Musharraf's claim that there was no discussion about infiltration across the LoC flies in the face of what a senior Bush administration official said while summing up the meeting of the two Presidents on September 12. In the course of a 30-minute meeting, Bush emphasised the implications for the U.S. if an end to cross-border infiltration did not come about. The U.S. President also linked the ending of infiltration with progress on the ``underlying issue'' of Jammu and Kashmir.

A senior official, in the course of a background briefing on the Bush-Musharraf meeting, said: ``He [Bush] stressed that we wanted to see an end to infiltration across the Line of Control... He put this in the context of saying that U.S. interests would be harmed greatly by a war in the region.'' The official added: ``We have a big stake in South Asia.We hope that an end to infiltration will create the atmosphere that could lead to a resumption of dialogue between the two states.''

When asked if Bush discussed tensions in Jammu and Kashmir with both Vajpayee and Musharraf and if the President felt the latter had made any progress on his commitment, the official said: ``The President... pushed the Pakistanis hard on the question of infiltration across the Line of Control, but he also noted that this is basically the precursor the ending of infiltration is the precursor of setting the environment where you can make progress on the underlying issue.''

The Bush administration has come under fire for not pulling up Musharraf for the amendments made to the Constitution and for attempting to subvert democracy. At his meeting with the General, although Bush welcomed the continuing cooperation of Pakistan on the terrorism front, he minced no words on the subject of a return to genuine democracy.

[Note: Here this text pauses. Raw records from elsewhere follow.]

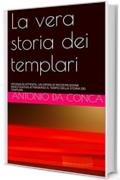 La vera storia dei templari: UN'ANALISI ATTENTA, UN OPERA DI RICOSTRUZIONE INVESTIGATIVA ATTRAVERSO IL TEMPO DELLA STORIA DEI TEMPLARI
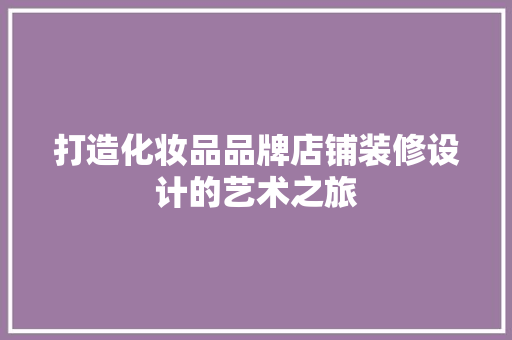 打造化妆品品牌店铺装修设计的艺术之旅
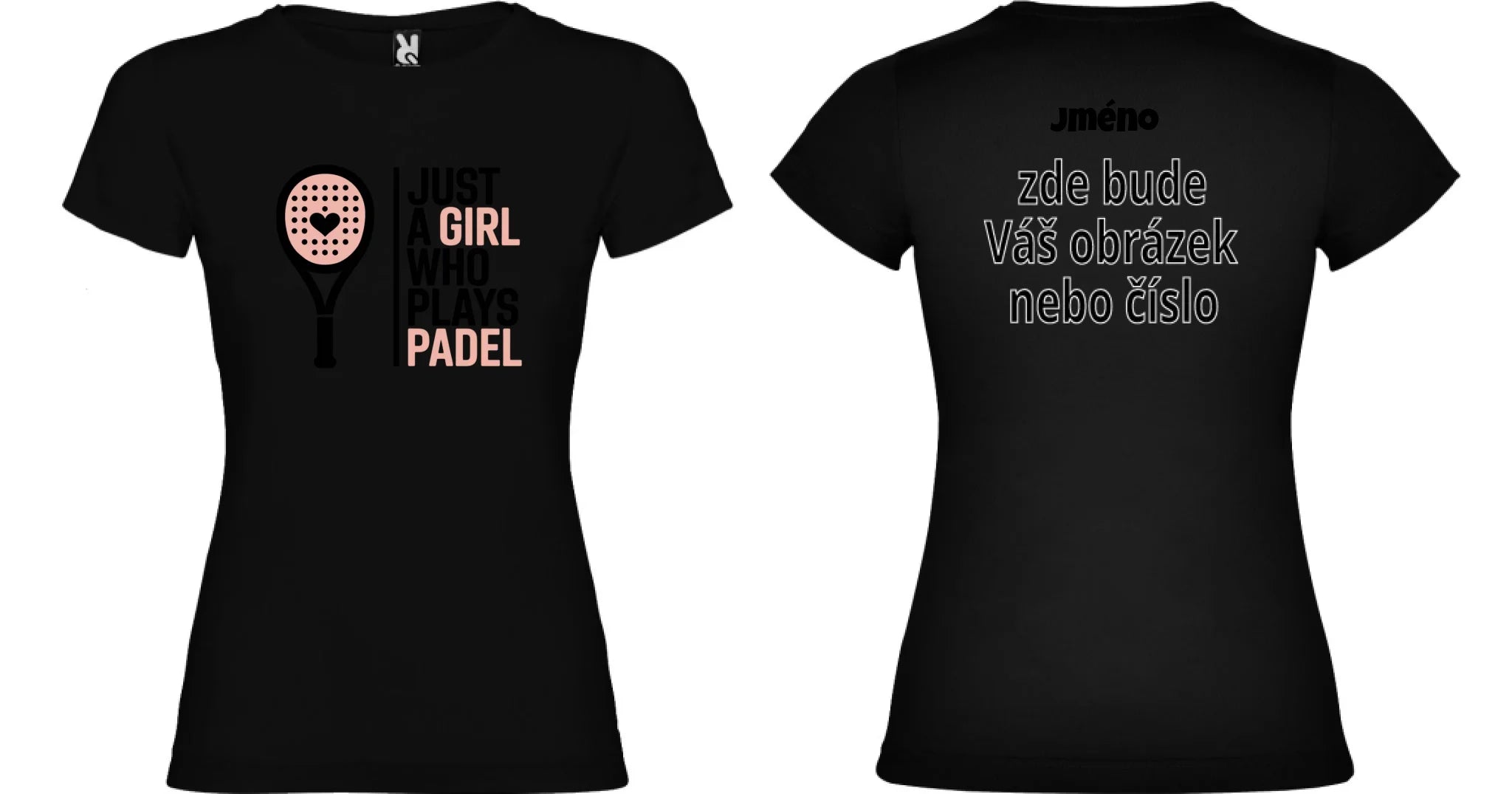 DÁMSKÉ TRIČKO PADEL JUST A GIRL 2 s možností dotisku jména, čísla, obrázku motiv dopředu a na záda vlastní potisk Černá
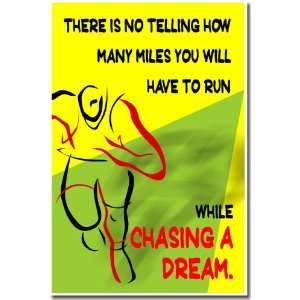   Many Miles You Will Have to Run While Chasing a Dream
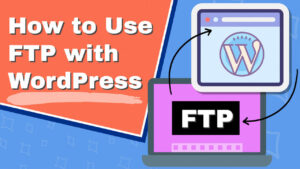 Read more about the article How to Use FTP with WordPress – the Definitive Guide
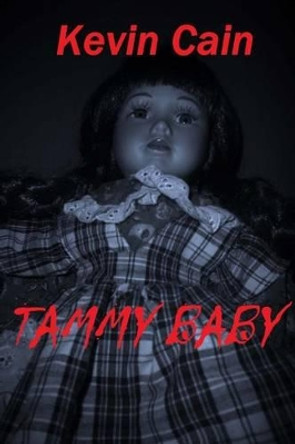 Tammy Baby by Kevin Cain 9781533391537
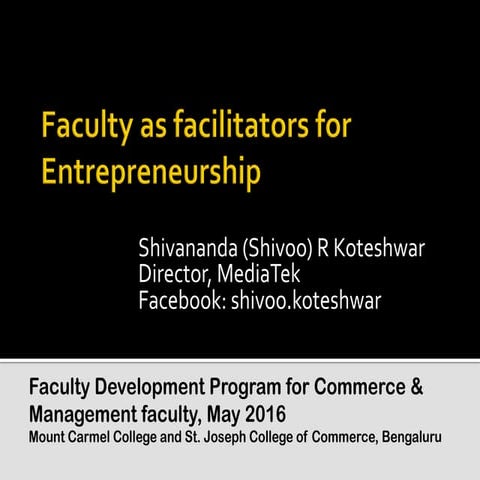 Entrepreneurship faculty as facilitator-shivoo
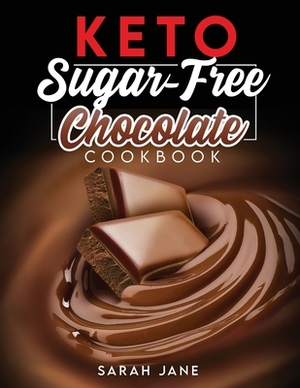 Keto Sugar Free Chocolate Cookbook by Sarah Jane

``Adherence to democracy is key,'' Bush is reported to have told Musharraf. The senior official said: ``He [Bush] hit it hard at the top of the meeting. I think he made it clear that his vision is that Pakistan will not succeed unless it goes down the road of democracy, and that if it doesn't succeed, that would be bad for the entire world. He kept on stressing, `we want to see you succeed,we have big stakes in this. If you don't adhere to democracy, we'll all have trouble'.'' The official added: ``The President said that adherence to democracy was the key. If Pakistan is going to be a successful state, then democracy has to take root. There wasn't any discussion of specific penalties...''

The Republican administration is in a spot over Musharraf's amendments to the Constitution. U.S. officials are dismayed that the General has amended the Constitution to such an extent that it might be difficult to ``certify'' the coming elections as being democratic. On the other hand, Pakistan being a key ally in the war against terrorism, especially as it pertains to Afghanistan, the Taliban and Al Qaeda, the U.S. is reluctant to go after Musharraf. It goes without saying that the Pakistan President is trying to exploit this to the fullest extent possible.